(Beginning of Data provided)

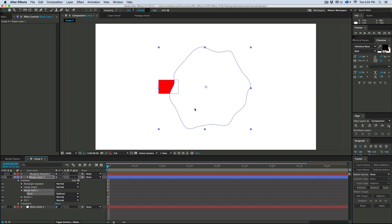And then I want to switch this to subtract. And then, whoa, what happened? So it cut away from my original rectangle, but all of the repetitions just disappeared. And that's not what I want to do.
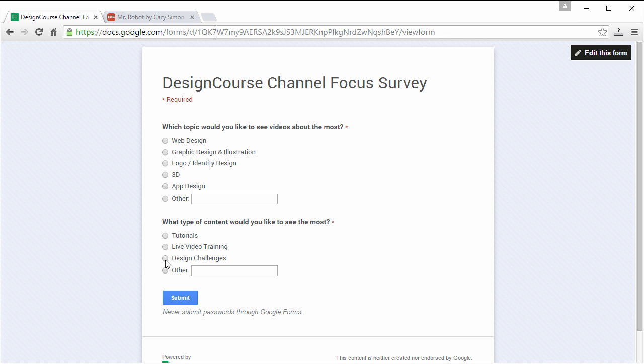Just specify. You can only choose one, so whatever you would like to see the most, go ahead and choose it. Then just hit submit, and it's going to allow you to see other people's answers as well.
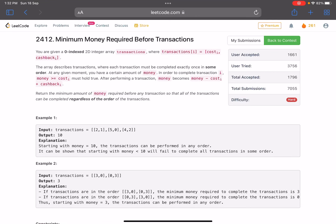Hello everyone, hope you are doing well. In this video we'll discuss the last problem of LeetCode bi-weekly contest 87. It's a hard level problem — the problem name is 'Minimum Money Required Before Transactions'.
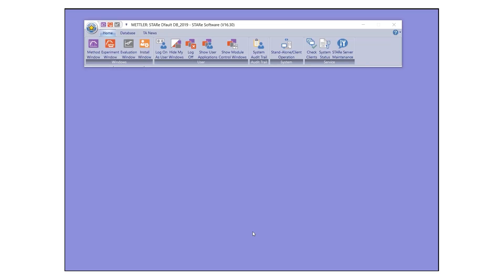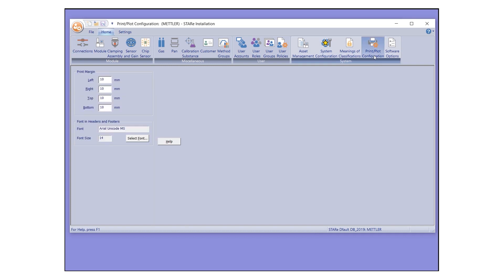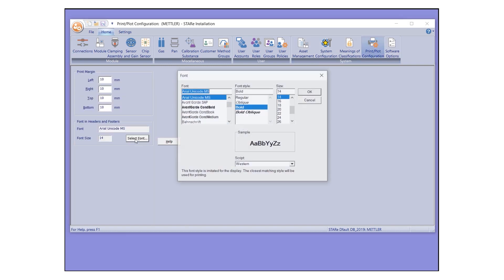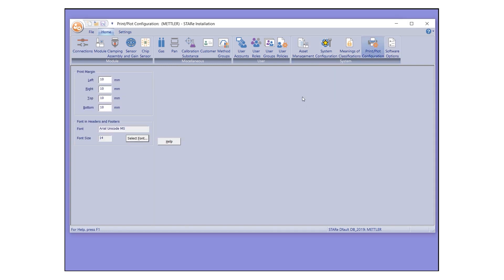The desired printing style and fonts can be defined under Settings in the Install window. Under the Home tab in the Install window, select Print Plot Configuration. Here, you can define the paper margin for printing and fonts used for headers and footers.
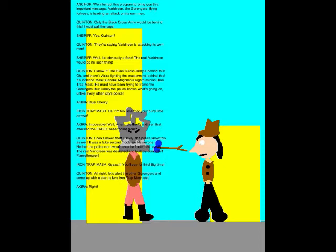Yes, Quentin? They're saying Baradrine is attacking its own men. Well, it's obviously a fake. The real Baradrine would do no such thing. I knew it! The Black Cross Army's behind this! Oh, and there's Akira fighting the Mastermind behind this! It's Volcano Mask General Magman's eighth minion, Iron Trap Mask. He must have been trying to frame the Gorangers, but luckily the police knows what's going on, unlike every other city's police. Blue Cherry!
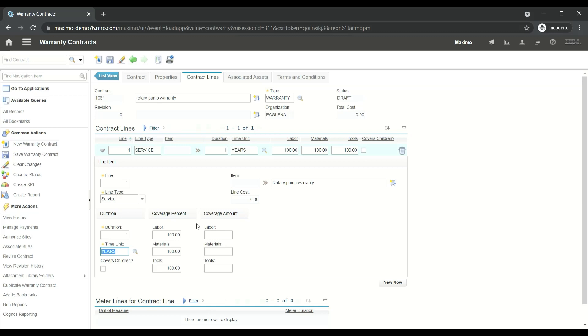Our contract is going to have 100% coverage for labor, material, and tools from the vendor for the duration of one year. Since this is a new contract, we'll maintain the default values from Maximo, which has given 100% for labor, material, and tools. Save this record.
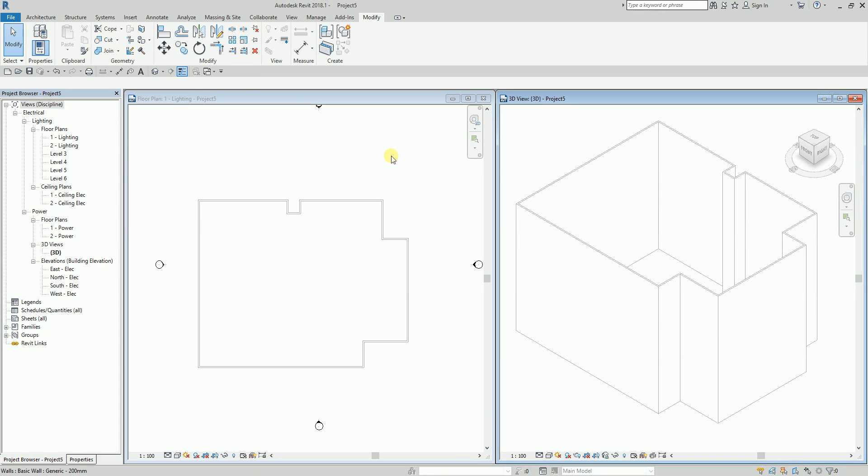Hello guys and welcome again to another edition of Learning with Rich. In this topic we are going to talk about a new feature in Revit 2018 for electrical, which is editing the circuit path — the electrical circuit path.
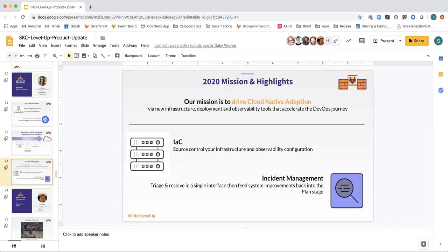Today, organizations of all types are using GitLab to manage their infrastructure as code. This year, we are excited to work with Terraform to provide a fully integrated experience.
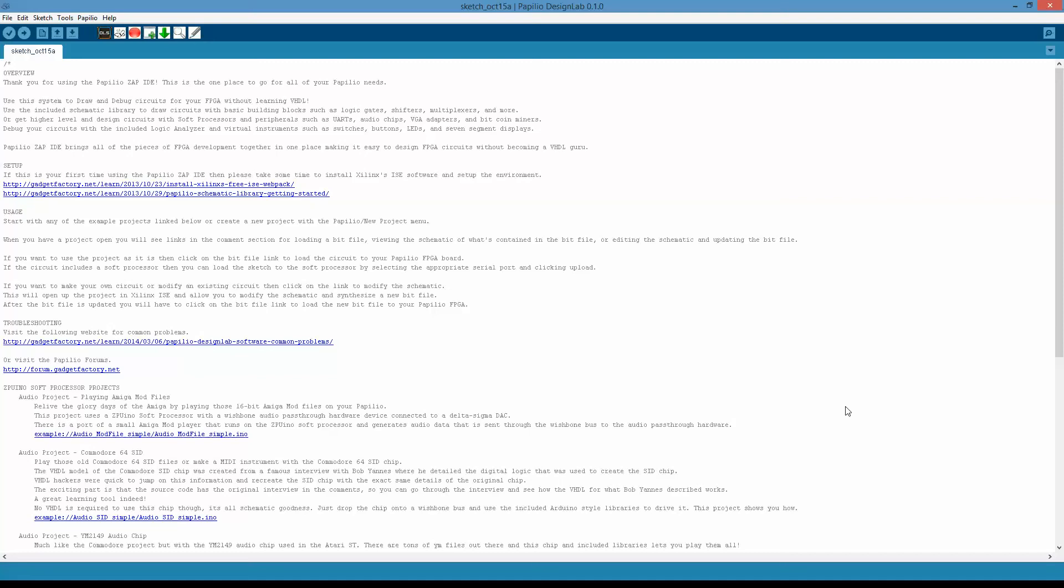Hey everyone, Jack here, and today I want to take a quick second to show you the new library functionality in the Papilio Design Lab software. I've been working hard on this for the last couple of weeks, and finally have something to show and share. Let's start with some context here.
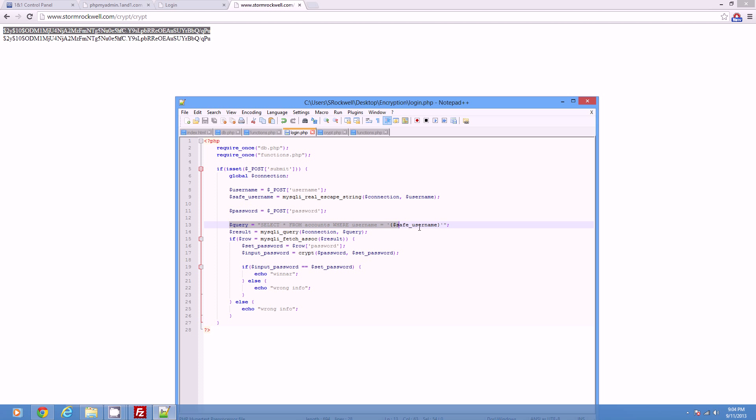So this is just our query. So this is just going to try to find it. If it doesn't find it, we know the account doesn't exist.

(End of Data provided)
(Beginning of Data provided)

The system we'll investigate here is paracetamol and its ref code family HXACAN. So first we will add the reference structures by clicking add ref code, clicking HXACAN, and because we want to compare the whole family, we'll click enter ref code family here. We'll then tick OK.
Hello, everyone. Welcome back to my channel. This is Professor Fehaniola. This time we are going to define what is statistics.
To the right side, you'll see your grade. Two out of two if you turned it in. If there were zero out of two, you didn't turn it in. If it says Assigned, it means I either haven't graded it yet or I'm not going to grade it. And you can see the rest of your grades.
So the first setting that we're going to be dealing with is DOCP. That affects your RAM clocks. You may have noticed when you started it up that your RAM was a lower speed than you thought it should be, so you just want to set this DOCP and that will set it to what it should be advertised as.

(End of Data provided)
(Beginning of Data provided)

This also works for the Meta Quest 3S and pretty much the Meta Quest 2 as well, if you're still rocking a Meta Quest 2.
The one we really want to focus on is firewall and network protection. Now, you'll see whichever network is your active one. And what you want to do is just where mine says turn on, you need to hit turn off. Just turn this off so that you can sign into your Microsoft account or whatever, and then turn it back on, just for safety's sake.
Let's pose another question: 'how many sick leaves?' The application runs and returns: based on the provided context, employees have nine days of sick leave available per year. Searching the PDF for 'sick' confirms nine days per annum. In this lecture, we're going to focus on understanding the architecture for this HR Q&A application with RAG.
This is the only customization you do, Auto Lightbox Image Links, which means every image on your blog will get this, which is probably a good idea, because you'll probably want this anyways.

(End of Data provided)

• Aim of the exercise:
Everything above from the line containing "The desired printing" through the line containing "Yes, Quentin? They're" must be repeated exactly, and the pictures must be left out.

• Written reply:
The desired printing style and fonts can be defined under Settings in the Install window. Under the Home tab in the Install window, select Print Plot Configuration. Here, you can define the paper margin for printing and fonts used for headers and footers.
Yes, Quentin? They're saying Baradrine is attacking its own men. Well, it's obviously a fake. The real Baradrine would do no such thing. I knew it! The Black Cross Army's behind this! Oh, and there's Akira fighting the Mastermind behind this! It's Volcano Mask General Magman's eighth minion, Iron Trap Mask. He must have been trying to frame the Gorangers, but luckily the police knows what's going on, unlike every other city's police. Blue Cherry!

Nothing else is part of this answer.